*Task details*.
Below is a listing. Quote from it, exactly, the lines from the one containing "#eligeatuvieja #podcast #musica #tiohoracio" down to the one containing "Photo mini pancakes", both ends included, and nothing else.
┌─ Records supplied
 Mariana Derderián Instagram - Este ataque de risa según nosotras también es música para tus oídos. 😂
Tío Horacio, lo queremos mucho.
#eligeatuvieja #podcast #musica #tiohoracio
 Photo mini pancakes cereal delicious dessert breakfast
└─
┌─ Records supplied
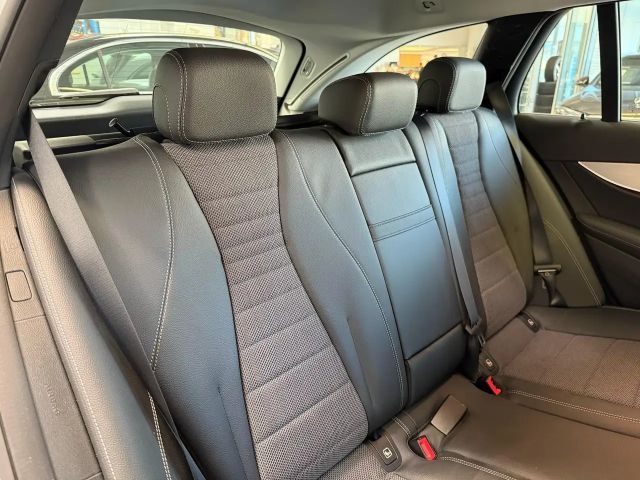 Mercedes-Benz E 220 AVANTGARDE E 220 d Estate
└─
*Written solution*.
#eligeatuvieja #podcast #musica #tiohoracio
 Photo mini pancakes cereal delicious dessert breakfast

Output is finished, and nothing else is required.